# Vectors

Now that we have a solid grasp on how R actually interprets code, how to assign values to variables, and some of the main types of data in R, we can now turn to the fundamental building block of R: vectors. And in this reading, we'll learn about how we can use vectors to manage data on things like age, height, eye color, GDP per capita, and war initiation. By the end of this tutorial, you'll know how to create vectors, how to subset them, how to modify them, and how to summarize them.

## Why Do We Need Vectors? 

It is rarely the case in science that we work with singular values (e.g. the number `7`, or a person's name `"Jill"`). Most of the time, we're working with lots of similar observations from different entities, such as the ages of everyone who responded to a survey, or the GDP of all the countries in the world.

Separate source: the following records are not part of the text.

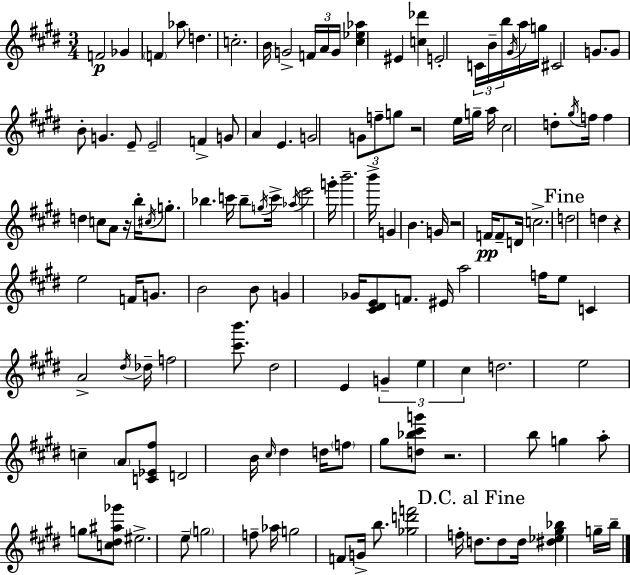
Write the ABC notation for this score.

X:1
T:Untitled
M:3/4
L:1/4
K:E
F2 _G F _a/2 d c2 B/4 G2 F/4 A/4 G/4 [^c_e_a] ^E [c_d'] E2 C/4 B/4 b/4 ^G/4 a/4 g/4 ^C2 G/2 G/2 B/2 G E/2 E2 F G/2 A E G2 G/2 f/2 g/2 z2 e/4 g/4 a/4 ^c2 d/2 ^g/4 f/4 f d c/2 A/2 z/4 b/4 ^c/4 g/2 _b c'/4 _b/2 g/4 c'/4 _a/4 e'2 g'/4 b'2 b'/4 G B G/4 z2 F/4 F/2 D/4 c2 d2 d z e2 F/4 G/2 B2 B/2 G _G/4 [^C^DE]/2 F/2 ^E/4 a2 f/4 e/2 C A2 ^d/4 _d/4 f2 [^c'b']/2 ^d2 E G e ^c d2 e2 c A/2 [C_E^f]/2 D2 B/4 ^c/4 ^d d/4 f/2 ^g/2 [d_b^c'g']/2 z2 b/2 g a/2 g/2 [c^d^a_g']/2 ^e2 e/2 g2 f/2 _a/4 g2 F/2 G/4 b/2 [_gd'f']2 f/4 d/2 d/2 d/4 [^d_e^g_b] g/4 b/4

To accommodate this need, one of the objects you'll use most in R is a vector. A vector is a **collection** of values, all of the same data type (e.g. we might have a `numeric` vector full of the ages of all survey respondents, or a `character` vector full of the names of countries). 

In fact... OK, it's time to come clean: you've been working with vectors this whole time! Vectors are *so* fundamental to R that **all data in R is stored as vectors.** Even something simple like the number 7, in R, is actually stored as a numeric vector of length 1:

In [10]:
a <- 7
length(a)

## Creating vectors

In our previous exercises, you learned how to create vectors with a single entry using the assignment operator. But often times we want vectors with more than one entry (otherwise, why have vectors?). There are a number of ways to create vectors in R, but the most fundamental is with the `c()` function ("c", I think?, is short for concatenate):

In [2]:
# Numeric vectors 
a_numeric_vector <- c(20, 25, 60, 55)
a_numeric_vector


In [3]:
# Character vectors
a_character_vector <- c("Red", "Green", "Purple")
a_character_vector


In [5]:
# Logical vectors
a_logical_vector <- c(TRUE, FALSE, TRUE) 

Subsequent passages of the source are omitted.